*Work order*: Beneath this line are entries. Copy the range from the line with "Surge-CEO-Website" to the line with "Load image into", ends included, exactly; leave pictures out.

*** Opening of Stored data ***

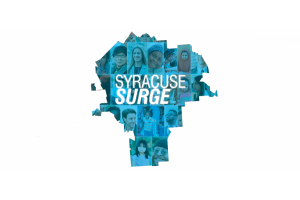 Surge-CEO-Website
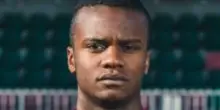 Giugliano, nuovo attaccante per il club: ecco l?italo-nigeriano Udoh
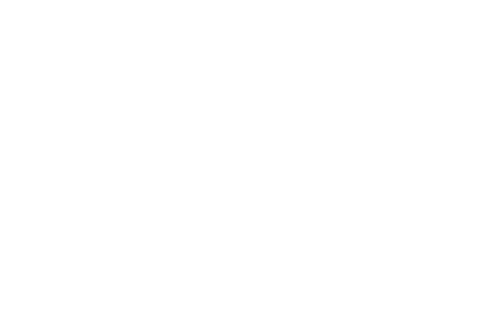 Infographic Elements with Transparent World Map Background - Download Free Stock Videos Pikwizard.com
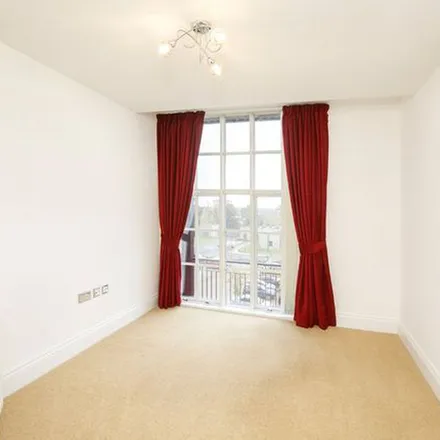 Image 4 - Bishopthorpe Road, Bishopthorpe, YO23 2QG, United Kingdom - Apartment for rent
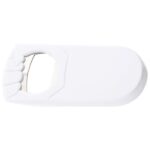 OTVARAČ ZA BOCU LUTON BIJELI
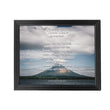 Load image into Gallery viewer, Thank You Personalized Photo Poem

*** Close of Stored data ***
*** Opening of Stored data ***

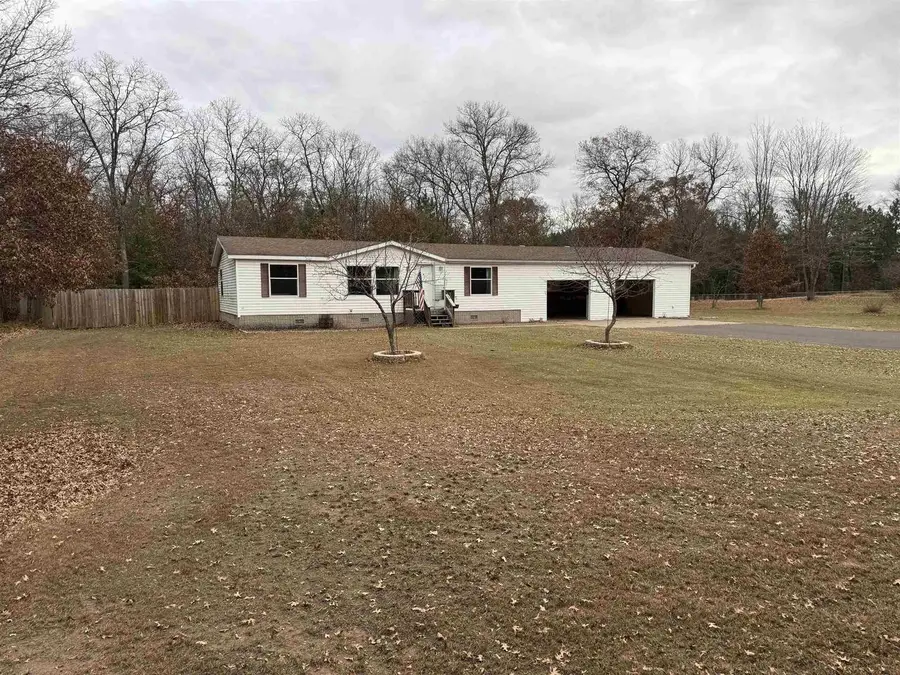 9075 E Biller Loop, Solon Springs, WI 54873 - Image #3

*** Close of Stored data ***
*** Opening of Stored data ***

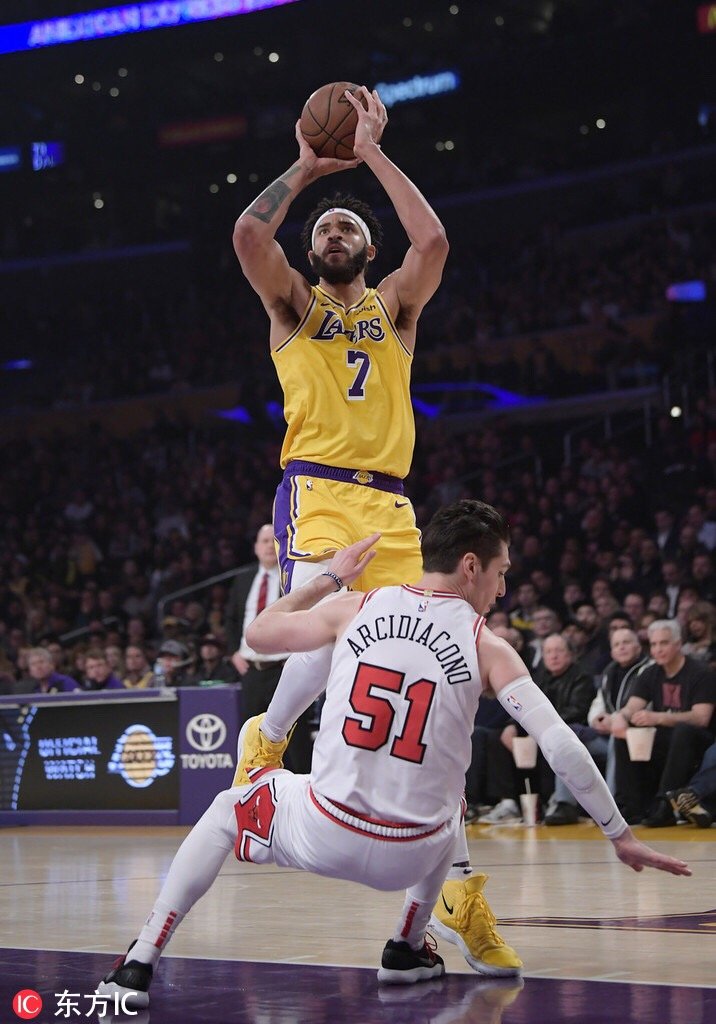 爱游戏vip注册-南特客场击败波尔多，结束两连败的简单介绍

*** Close of Stored data ***

*Exercise result*:
 Surge-CEO-Website
 Giugliano, nuovo attaccante per il club: ecco l?italo-nigeriano Udoh
 Infographic Elements with Transparent World Map Background - Download Free Stock Videos Pikwizard.com
 Image 4 - Bishopthorpe Road, Bishopthorpe, YO23 2QG, United Kingdom - Apartment for rent
 OTVARAČ ZA BOCU LUTON BIJELI
 Load image into Gallery viewer, Thank You Personalized Photo Poem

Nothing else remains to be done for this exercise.